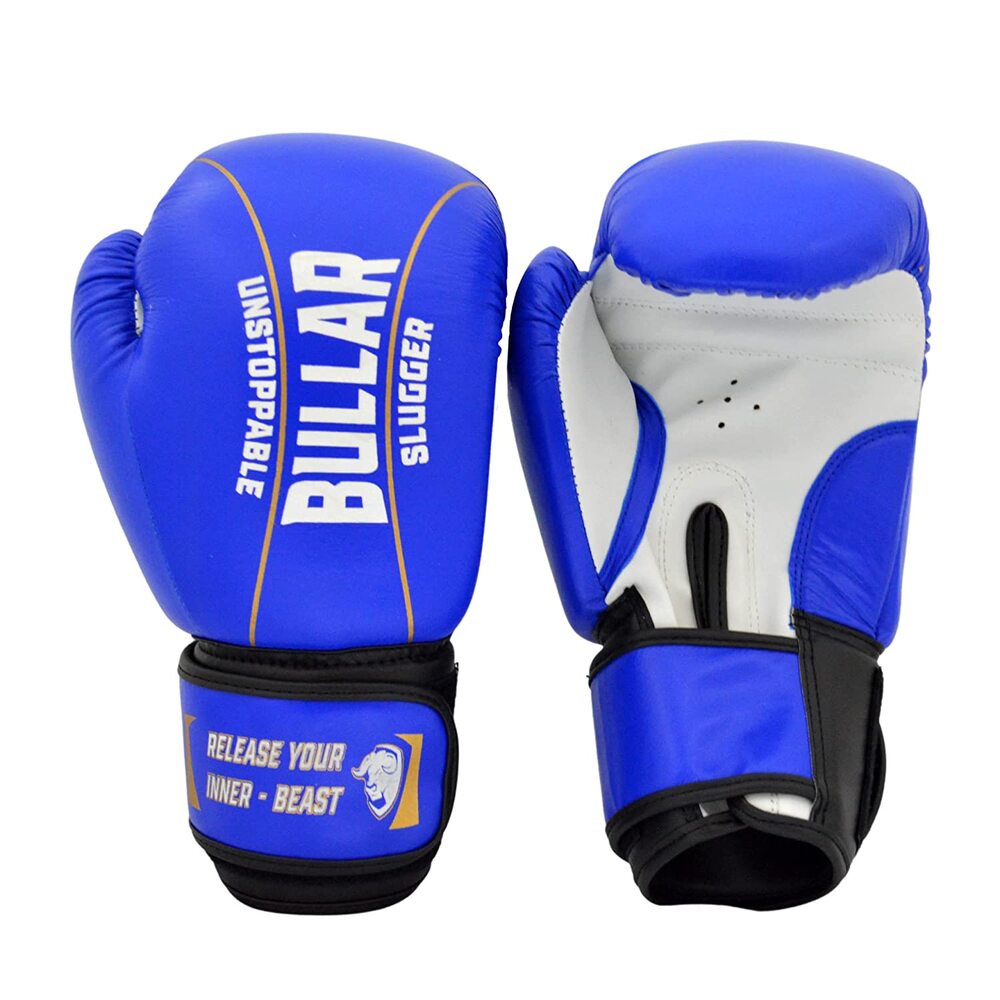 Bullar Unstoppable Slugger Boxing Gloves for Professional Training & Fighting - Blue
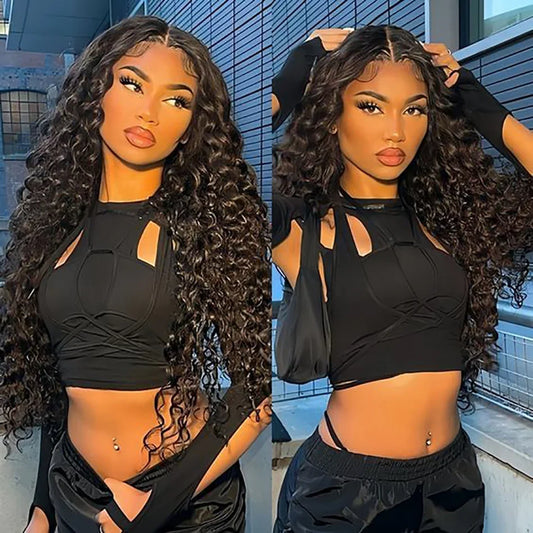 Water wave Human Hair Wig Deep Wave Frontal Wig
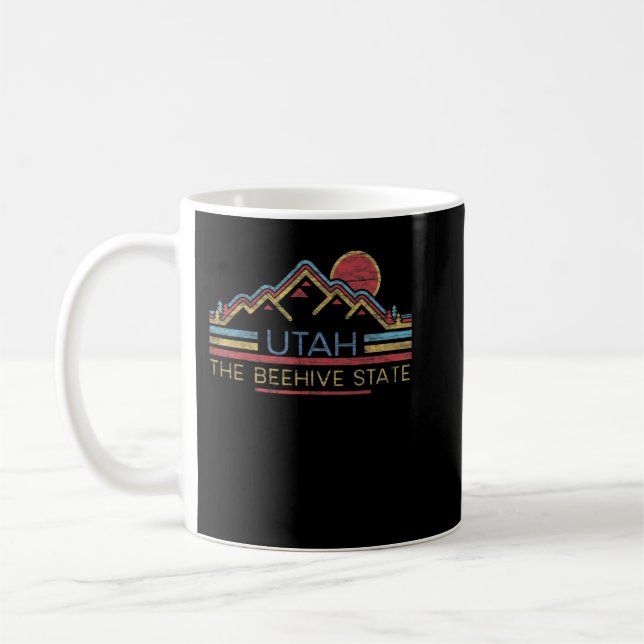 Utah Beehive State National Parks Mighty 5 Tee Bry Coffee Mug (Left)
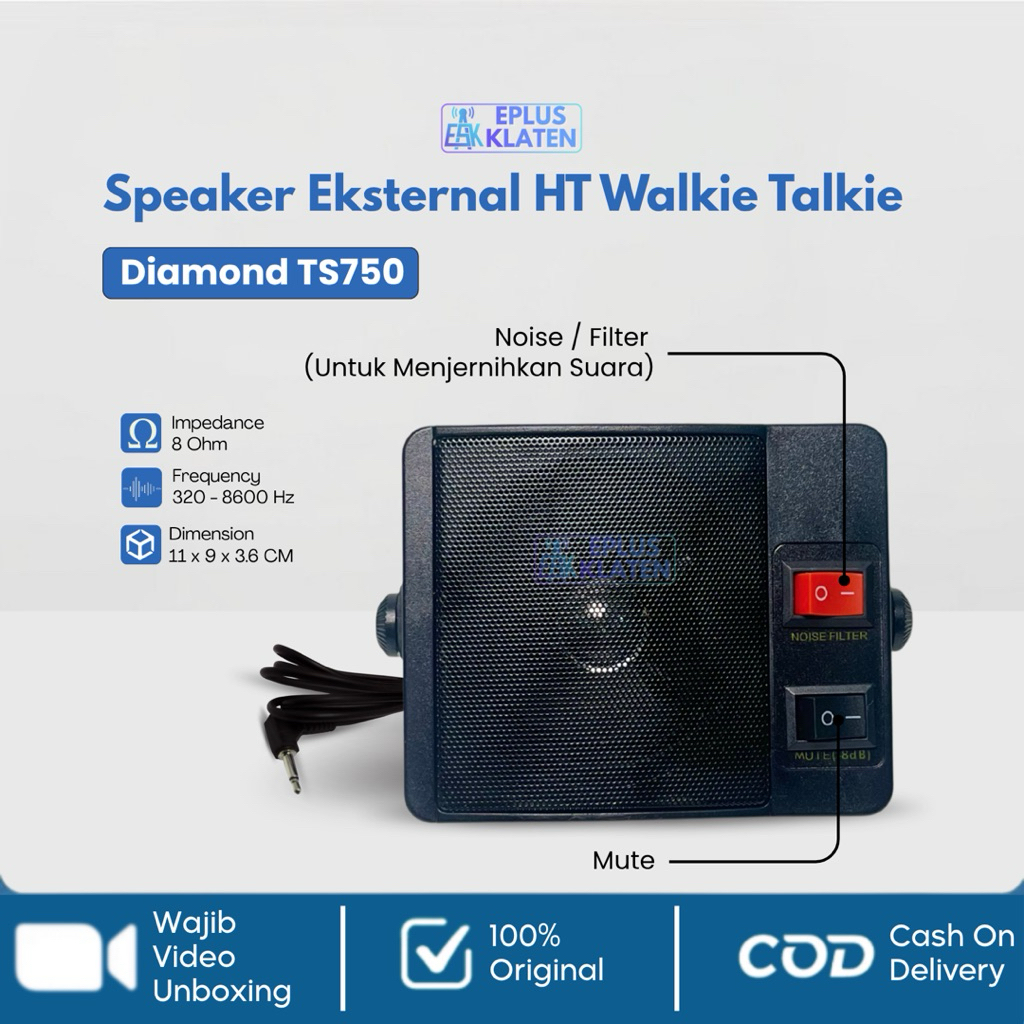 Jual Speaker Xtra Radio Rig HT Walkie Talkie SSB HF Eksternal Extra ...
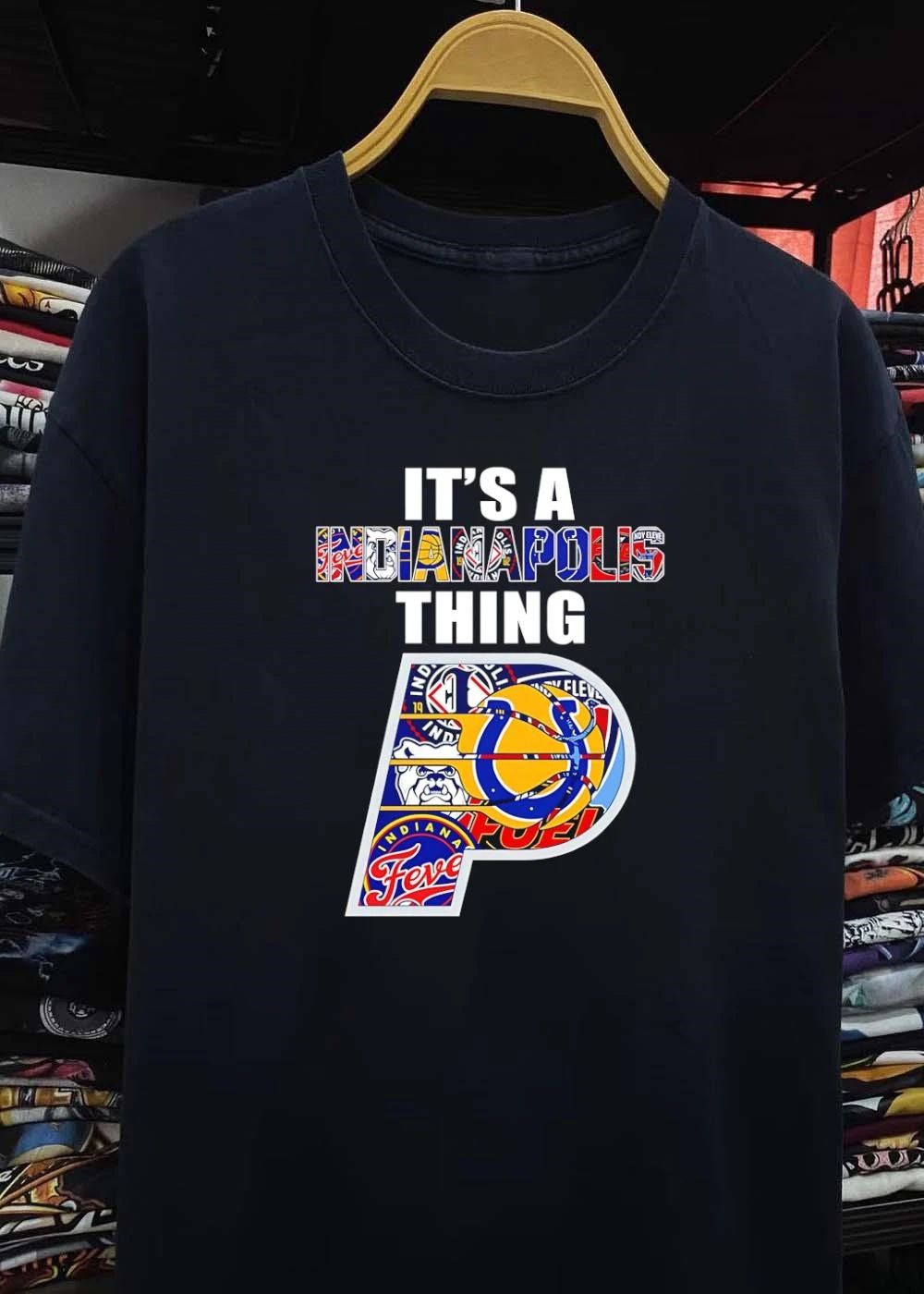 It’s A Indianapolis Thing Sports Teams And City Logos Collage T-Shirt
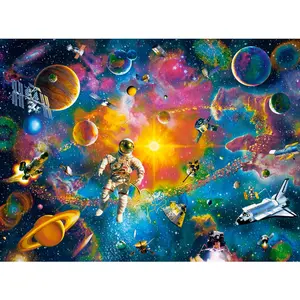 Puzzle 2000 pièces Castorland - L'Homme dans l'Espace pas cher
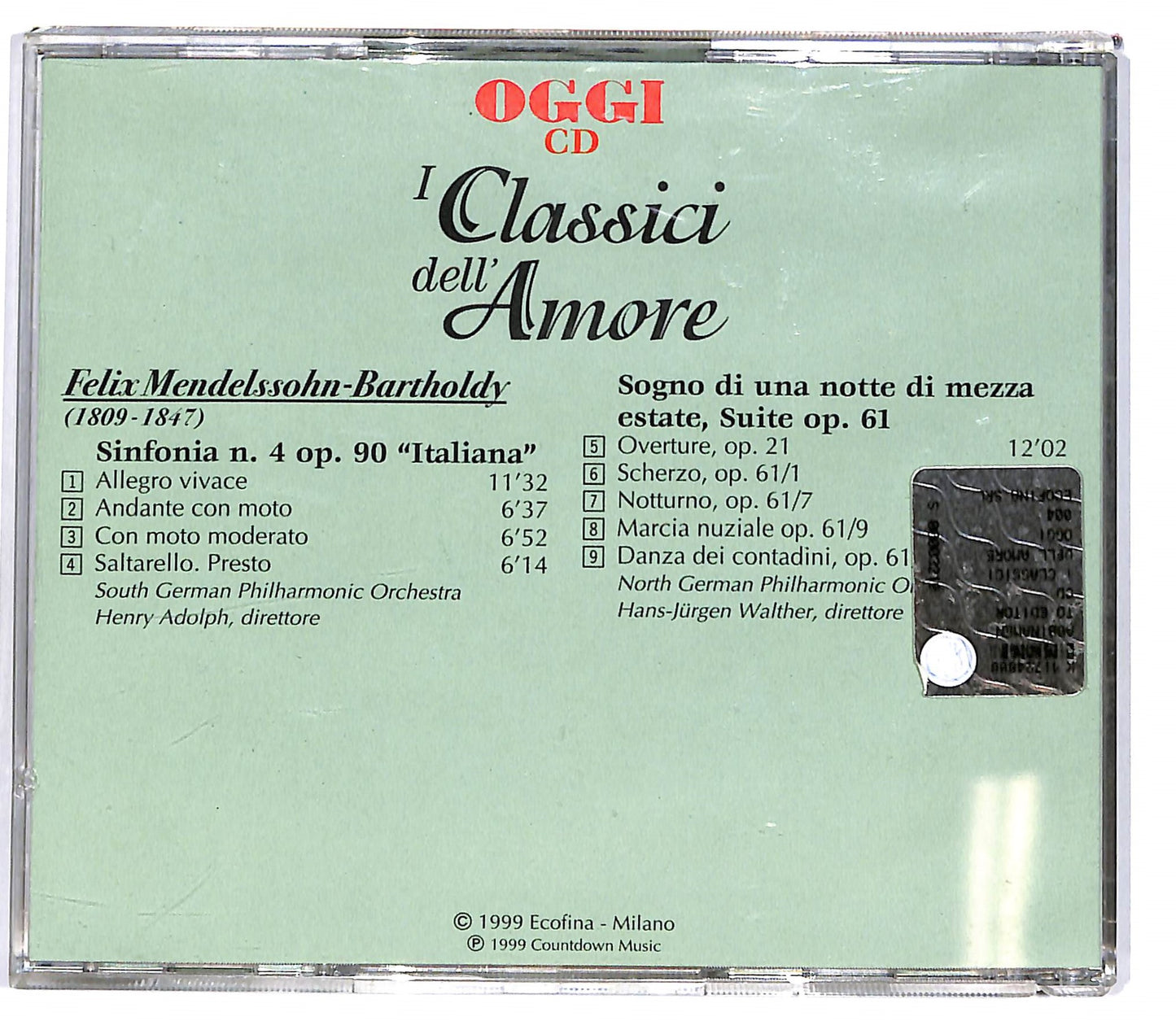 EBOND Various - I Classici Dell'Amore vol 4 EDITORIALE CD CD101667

> [Task instructions]:
Exactly the lines from the one holding "Utah Beehive State" to the last line of the records above should be duplicated, with no pictures among them.

> [Solution to this exercise]:
 Utah Beehive State National Parks Mighty 5 Tee Bry Coffee Mug (Left)
 Jual Speaker Xtra Radio Rig HT Walkie Talkie SSB HF Eksternal Extra ...
 It’s A Indianapolis Thing Sports Teams And City Logos Collage T-Shirt
 Puzzle 2000 pièces Castorland - L'Homme dans l'Espace pas cher
 EBOND Various - I Classici Dell'Amore vol 4 EDITORIALE CD CD101667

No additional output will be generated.